Il conflitto con il nuovo priore ha assunto un livello che la Comunità non ha più tollerato. L’elezione di Luciano Manicardi era stata in continuità sia con il carisma fondativo sia con il fondatore. Il passaggio di potere tra il fondatore e la generazione successiva è uno dei problemi di fondo nelle successioni d’autorità. Lo è stato e lo è negli ordini e nelle congregazioni religiose antiche (ma qui le norme sono sperimentate e rigide); lo è ancora di più nei nuovi movimenti, nei quali il problema non è ancora stato risolto.
La celebrità di Bianchi, il ruolo internazionale della Comunità hanno reso difficile negli anni il controllo dell’ordinario locale e hanno fatto di Bose e del suo fondatore un mondo a sé. Un’identificazione univoca tra sé e la comunità, a partire dal ruolo pubblico del fondatore, può mettere capo potenzialmente a distorsioni.
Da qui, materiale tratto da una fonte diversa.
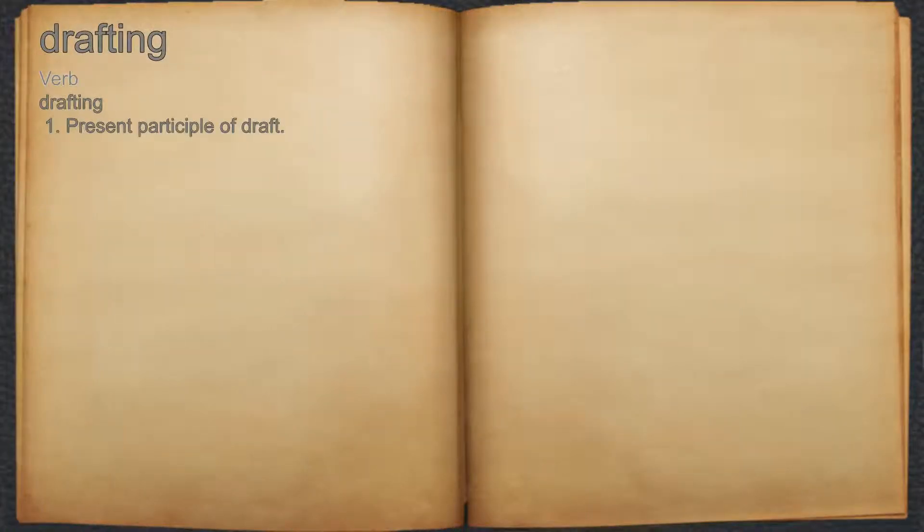Drafting. Verb. 1. Present participle of draft.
Spesso nell’esercizio di un potere – vale per ogni potere – si crea una separazione tra la persona e il personaggio, tra la figura, il ruolo pubblico e la forma vitae; e nel rapporto con la comunità può scattare quello che il monachesimo antico, nelle Regole del maestro, stigmatizzava così: «L’arbitrio dei desideri tiene luogo di legge».
Nella difficile transizione istituzionale e spirituale della Chiesa cattolica affrontata da papa Francesco dopo le dimissioni di Benedetto XVI, non solo il tarlo del potere nell’esercizio dell’autorità rappresenta una sfida profonda, di natura teologica ed ecclesiale, ma anche la distinzione tra il concilio Vaticano II e le sue interpretazioni costituisce una linea di sviluppo fondamentale, perché è con il Vaticano II che si è avviato il più radicale processo di rinnovamento della Chiesa contemporanea.
Non è accettabile che ci si arroghi il diritto all’interpretazione autentica del Vaticano II. Spetta a tutta la Chiesa. Nella quale nessuno possiede nulla.